In a letter to the British Secretary of State for Northern Ireland, Paul Murphy, the organisation urged the authorities to appoint a new team of investigators, independent of the police of Lurgan in County Armagh, where O'Hagan was gunned down outside his home, and to deploy all human and financial resources necessary to ensure a thorough and transparent investigation.
"The impunity enjoyed by Martin O'Hagan's murderers is an insult to the memory of this journalist, who was killed for doing his job," Reporters Without Borders secretary-general Robert Ménard said in the letter. "The feeling of impunity that has taken hold poses a real danger for Irish journalists, who are the target of increasing threats and harassment from the paramilitary groups," he warned.
"The inability of the police to identify those responsible is a threat to press freedom, and the growing vulnerability of journalists is liable to foster widespread self-censorship," Ménard added.
According to the police, eight suspects have been detained and then released for lack of proof. Thirty-two searches have also been carried out, but with no results to show for them. The investigation is at a standstill, but has not been closed.
The police reject claims that senior security officials fear that their alleged links with the paramilitary groups would be exposed if O'Hagan's killers were brought to justice. But some journalists claim that the investigation has been deliberately blocked because an informer or an agent for the security or intelligence services was part of the group that killed O'Hagan.
Mick Browne, a former colleague of O'Hagan who has investigated the murder, maintains that an officer now in charge of the police enquiry was himself the target of an investigation by O'Hagan.
According to the Irish secretary of the National Union of Journalists (NUJ), Seamus Dooley, death threats against journalists have increased since O'Hagan's murder, most of them coming from loyalist paramilitary groups. Several journalists with the Sunday World, the Irish weekly O'Hagan worked for, and the Andersonstown News Group have been the target of intimidation.
On 12 September, a photographer with the North Belfast News, a weekly that belongs to the Andersonstown News Group, received a death threat from a loyalist paramilitary gang. The group's management said it followed a series of threats against journalists covering the gang's activities.

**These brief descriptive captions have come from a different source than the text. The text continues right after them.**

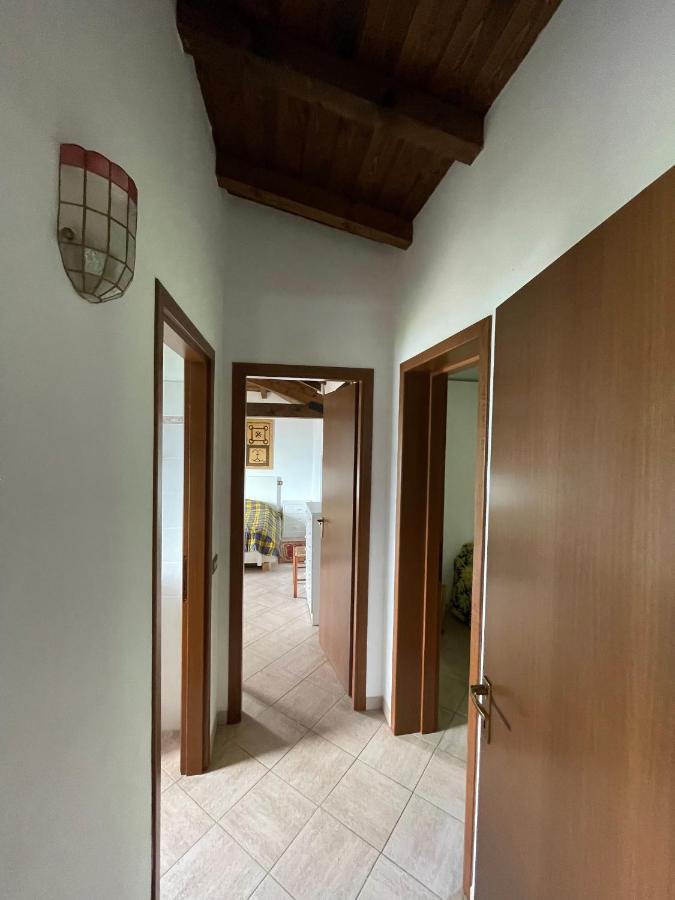 Appartamento Lake View Di Villa Giuliana Sulzano Exterior photo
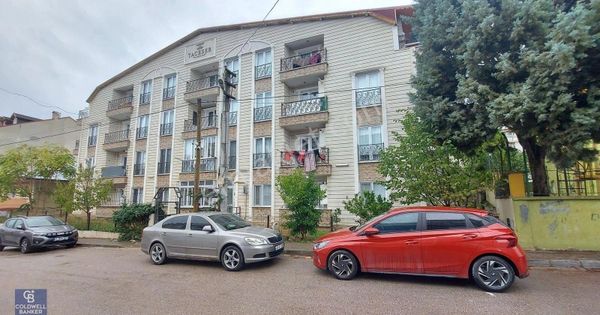 Körfez Yavuz Sultan Selim Geniş Satılık 3+1 Yüksek Giriş Daire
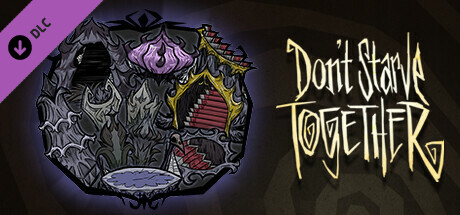 Don't Starve Together: Gothic Belongings Chest, Part II banner image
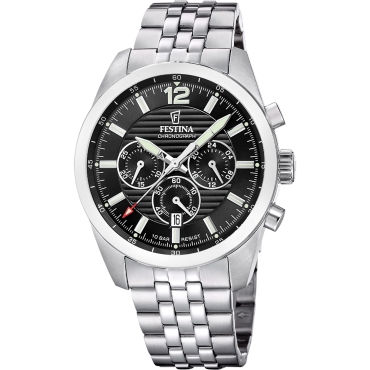 Montre homme Festina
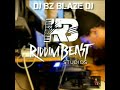 DJ TAFFY THE RIDDIM BEAST BOUYON MIX BY DJ BZ 2023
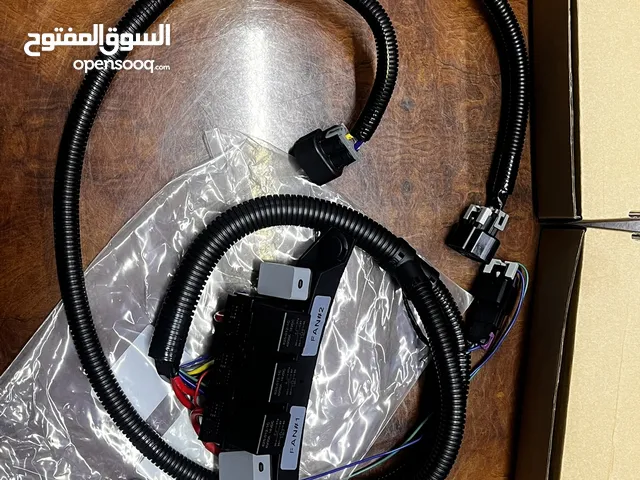 ضفيره مراوح إضافيه High qulity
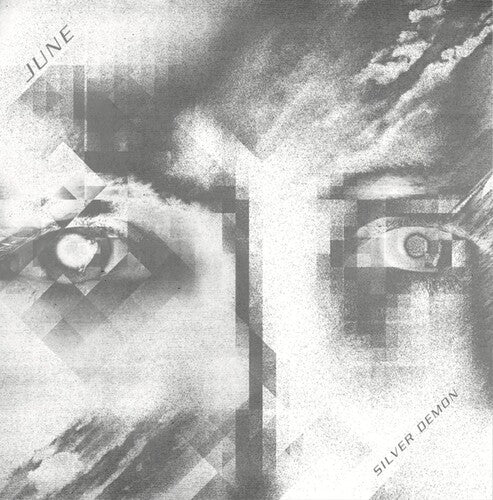The June: Silver Demon - Record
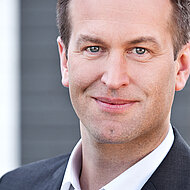Peter Theissing neuer Marketingleiter 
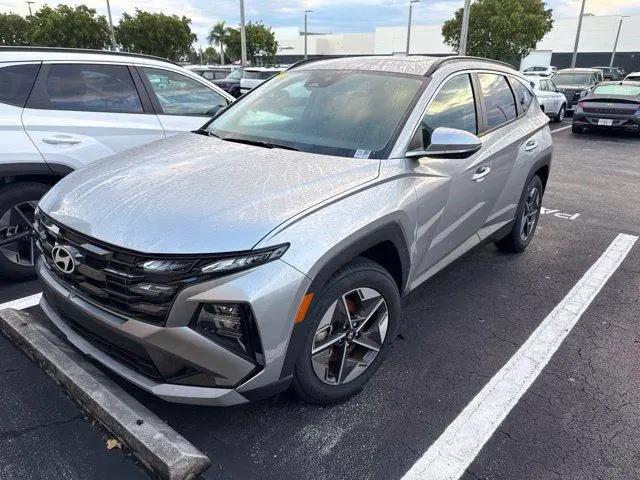 2025 Hyundai Tucson SEL Convenience for sale in Fort Myers, FL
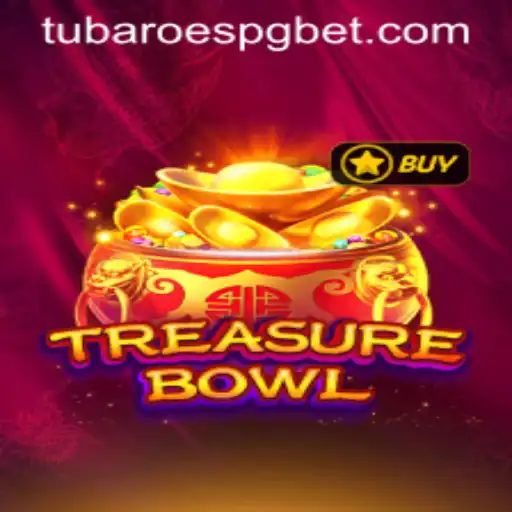 Explore Aventuras Subaquáticas com TreasureBowl: O Mundo dos Tubarões PG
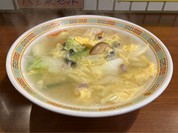 新京飯店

Aged 51 and the father of three children, O'Hagan used to write for the Sunday World about the links between the Northern Irish police, military intelligence units, armed groups and drug gangs, and he testified in a libel court case about allegations of collusion between the police and Protestant armed groups in the 1980s.
The day after his murder, a caller to the BBC claimed responsibility on behalf of the "Red Hand Defenders," a name used by loyalist paramilitary groups, especially the "Loyalist Volunteer Force" (LVF). O'Hagan had previously been the target of many threats as a result of his investigations aimed at proving that loyalist militia, especially the LVF, killed Catholics with the sole aim of covering up their drug trafficking activities. An abortive attempt to killed him in the early 1990s was attributed to loyalist terrorist Billy Wright.